*** DATASET CONTENT ***
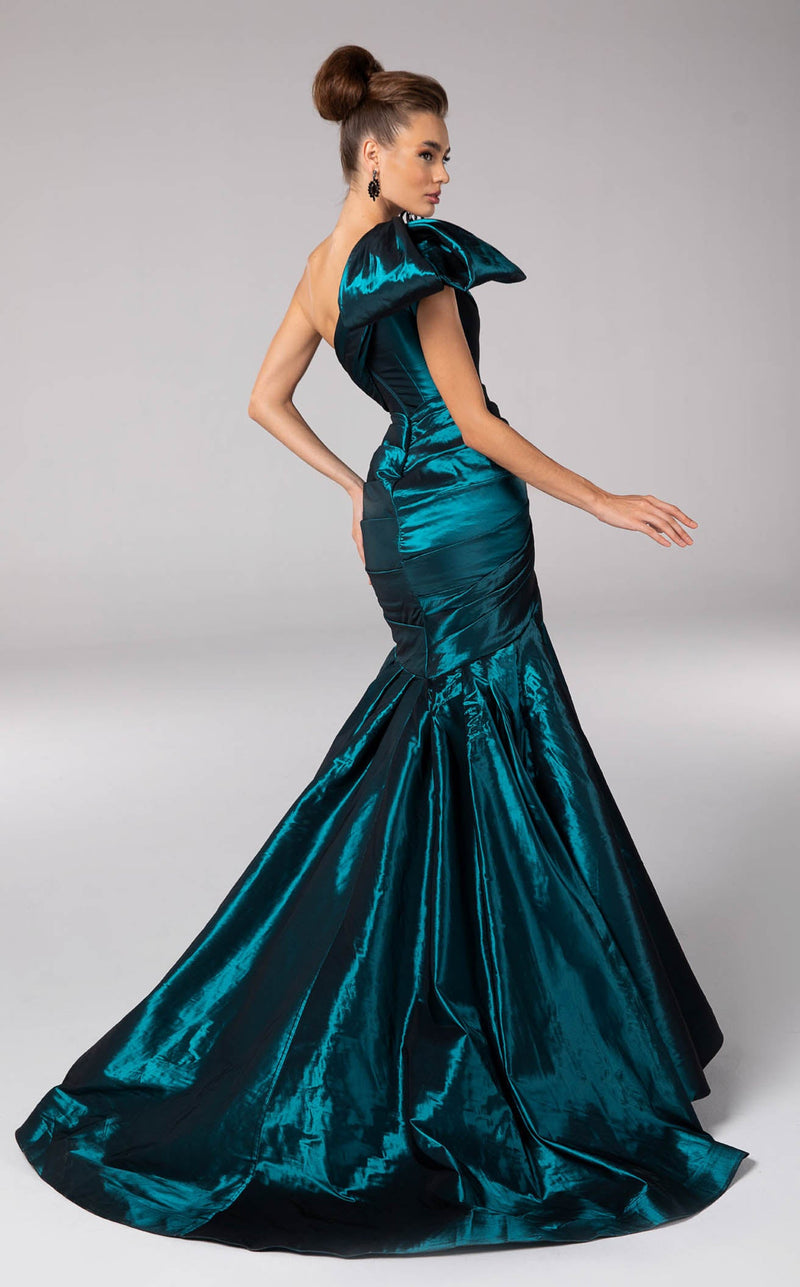 MNM Couture F02833 Teal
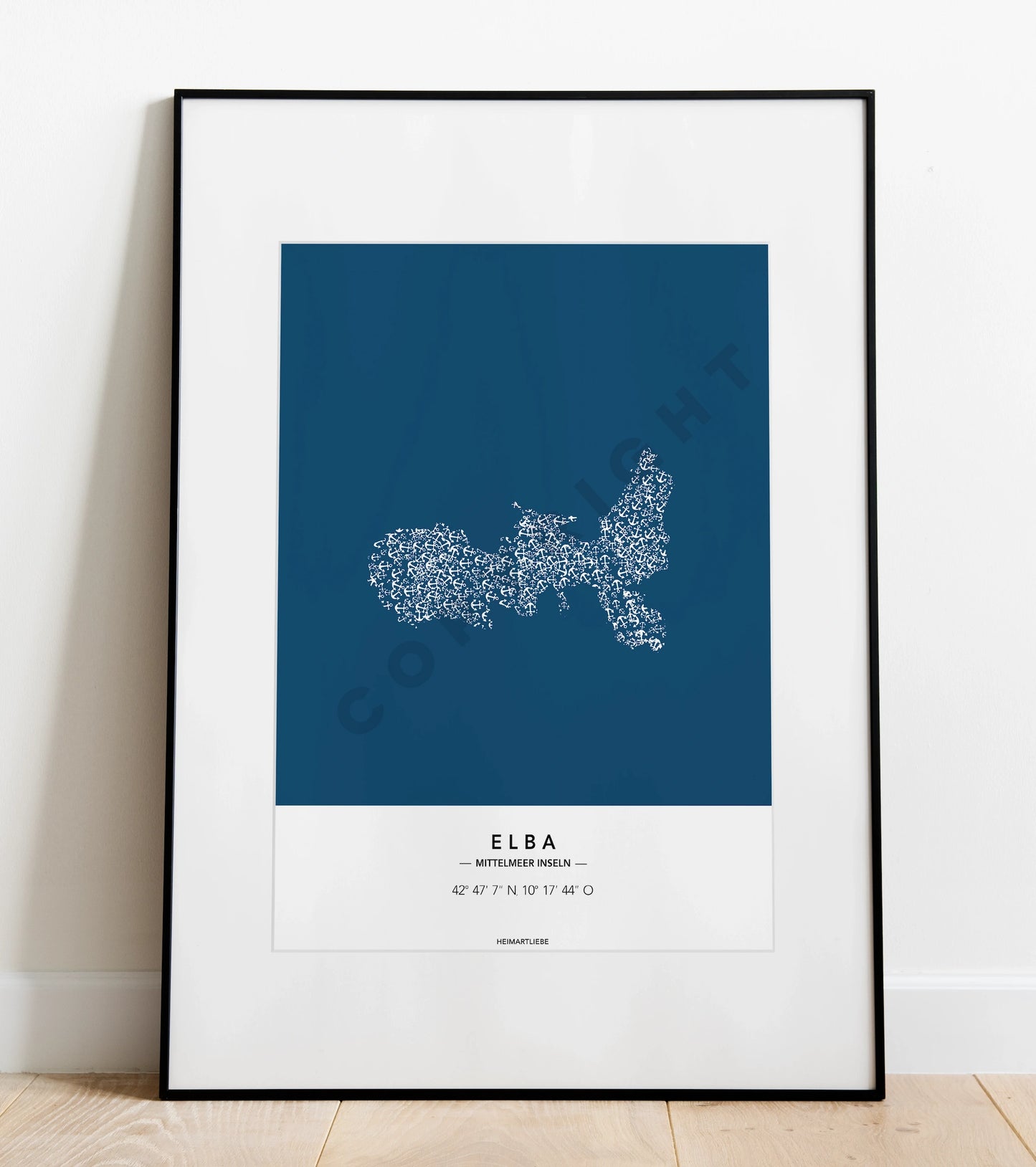 PRINT - ANKER INSEL ELBA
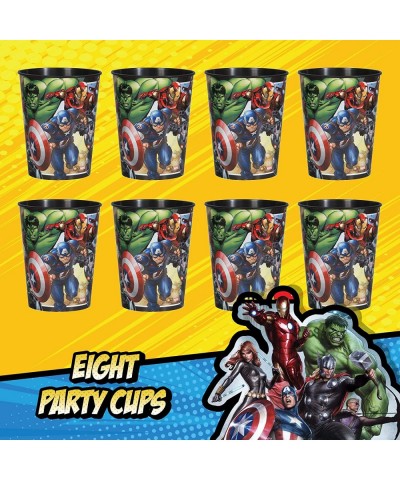 8 Count Marvel Avengers Party Cups | Kid's Birthday Party Favors Movie Event $26.04 Kids' Party Tableware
***
WHAT IS REQUIRED
This task asks for the data above repeated exactly, without a single picture.

WRITTEN RESPONSE
 MNM Couture F02833 Teal
 PRINT - ANKER INSEL ELBA
 8 Count Marvel Avengers Party Cups | Kid's Birthday Party Favors Movie Event $26.04 Kids' Party Tableware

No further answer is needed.